Utilize a dataset on electricity consumption and train a regression model to forecast future consumption.
The obtained .csv file contains columns such as Datetime, Temperature, Humidity, WindSpeed, GeneralDiffuseFlows, DiffuseFlows, PowerConsumption_Zone1, PowerConsumption_Zone2, PowerConsumption_Zone3. The average value was calculated across all three zones. A small window with a 10-minute interval was transformed into a window with a 1-hour interval, and the average values for each hour were calculated. Additionally, Datetime was split into columns 'Hour', 'Day', 'Month' as numerical features for training a regression model. The data were normolized & divided into test and train samples for model training and performance evaluation.
Histograms depicting the distribution of each feature were generated. Also power consumption graphics. Also, a graph illustrating the changes in power consumption over time was created.

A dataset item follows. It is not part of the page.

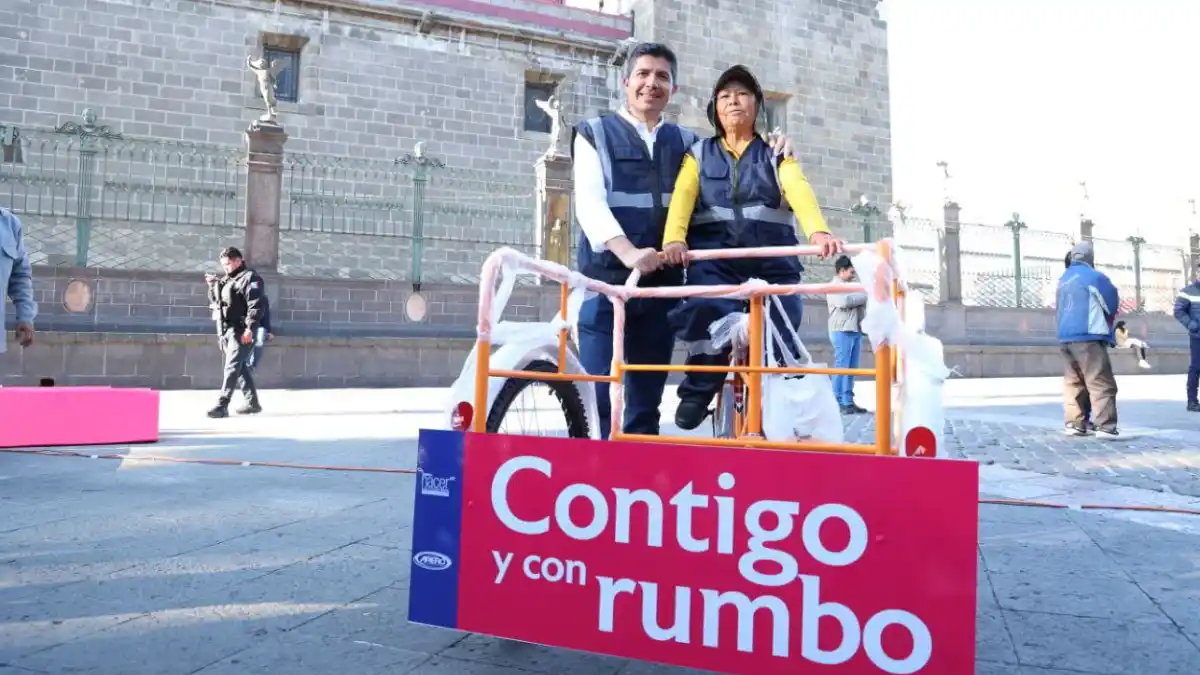 Eduardo Rivera entrega uniformes y credenciales a recolectores voluntarios para dignificar su labor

Several regression models were trained, including SVR, LinearRegression, LassoRegression, RandomForestRegressor, GradientBoostingRegressor, AdaBoostRegressor, and DecisionTreeRegressor. Metrics such as MSE and r2-score were computed for each model. The best-performing models were GradientBoostingRegressor (r2-score = 0.96) and DecisionTreeRegressor (r2-score = 0.92). The complete table of metrics:
Model | MSE | R2-score |
---|---|---|
SVR | 0.52 | |
LinearRegression | 0.63 | |
LassoRegression | 0.63 | |
RandomForestRegressor | 0.86 | |
GradientBoostingRegressor | 0.96 | |
AdaBoostRegressor | 0.85 | |
DecisionTreeRegressor | 0.92 |
Feature importances for best model (GradientBoostingRegressor) are:
- Temperature importances = 0.176;
- Humidity importances = 0.003;
- WindSpeed importances = 0.013;
- GeneralDiffuseFlows importances = 0.021;
- DiffuseFlows importances = 0.005;
- Hour importances = 0.697;
- Day importances = 0.009;
- Month importances = 0.076.